Vita Chiesa
Il Papa e la Chiesa dalla parte del futuro
di Giuseppe Savagnone
Forse il filo conduttore dei discorsi di Benedetto XVI ai giovani, nel corso della sua visita in Australia, può essere individuato nella scelta della Chiesa di dare voce a chi non ha voce.

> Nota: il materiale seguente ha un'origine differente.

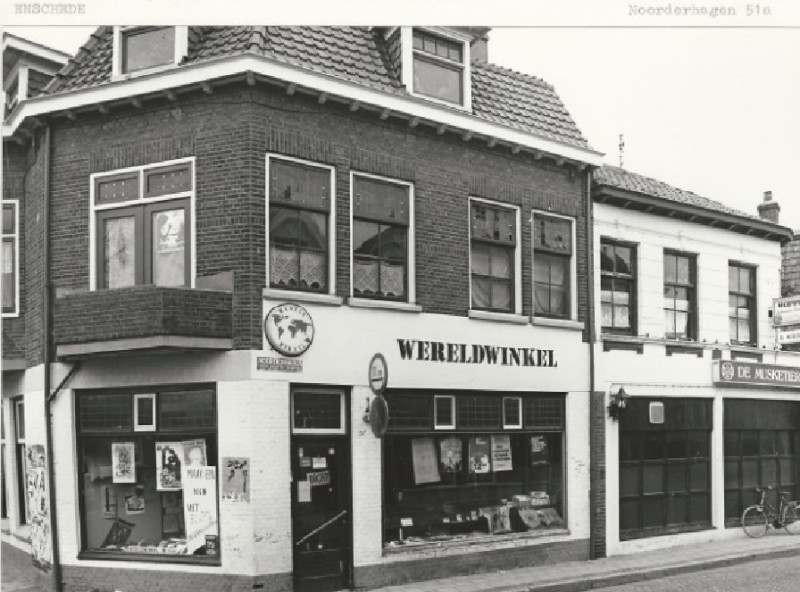 Noorderhagen 51a-53 Wereldwinkel op de hoek met de Van Lochemstraat, daarnaast  café De Musketier. 22-1-1981.jpg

Alla terra, innanzi tutto: «Erosione, deforestazione, sperpero delle risorse minerali e marine per alimentare un insaziabile consumismo», ha detto il Papa, feriscono la natura e a volte la trasformano in una minaccia.
Agli uomini e alle donne emarginati: il Pontefice, a questo proposito, ha invitato i ragazzi e le ragazze che lo ascoltavano a chiedersi «quale posto hanno nelle nostre società i poveri, i vecchi, gli immigrati, i privi di voce». Non per caso egli ha voluto incontrare per primi gli aborigeni, i superstiti di una popolazione che i cristianissimi colonizzatori europei hanno massacrato spietatamente.
Agli esseri umani non ancora nati e uccisi: «Come può essere che lo spazio umano più mirabile e sacro, il grembo materno, sia diventato luogo di violenza indicibile?». La tematica sociale e quella bioetica sono apparse, nel discorso del Pontefice, strettamente legate: «Senza una profonda riflessione sull’innata dignità di ogni vita umana, dal concepimento fino alla morte naturale», ha detto Benedetto XVI, «non si comprendono le preoccupazioni per non violenza, sviluppo sostenibile, giustizia e pace, cura, ambiente». In entrambi i casi, sono i più deboli, gli stranieri (in fondo è tale anche il concepito), coloro che non hanno i mezzi per imporsi o almeno difendersi, ad essere le prime vittime di questo clima culturale e sociale.
Ai piccoli abusati da indegni preti pedofili: «Davvero sono profondamente addolorato per il dolore e la sofferenza subita dalle vittime e assicuro loro che come loro pastore anche io condivido la loro sofferenza».
È rientrato in questa ampiezza di sguardo anche l’equilibrio con cui il Pontefice ha saputo contemperare la coraggiosa denuncia delle situazioni del presente e la speranza nel futuro. L’incombere dei pericoli, il peso delle difficoltà, l’amarezza delle colpe e degli errori, non devono far perdere di vista i germi fecondi che stanno maturando, soprattutto nel cuore dei giovani: «Il nostro mondo ha detto si è stancato dell’avidità, dello sfruttamento e della divisione, del tedio di falsi idoli e di risposte ipocrite, e della pena delle false promesse: il nostro cuore e la nostra mente anelano a una visione della vita dove regni l’amore, dove i doni siano condivisi, dove si edifichi l’unità, dove la libertà trovi il proprio significato di verità e dove l’identità sia trovata in comunione rispettosa».
Sì, mentre ciò che è vecchio tramonta, qualcosa sta nascendo. E la Chiesa, che è rimasta la sola a testimoniare la verità delle creature indifese e del loro Creatore, sta dalla parte del futuro. Forse è soprattutto questo che il Papa ha voluto dire alle ragazze e ai ragazzi del mondo intero.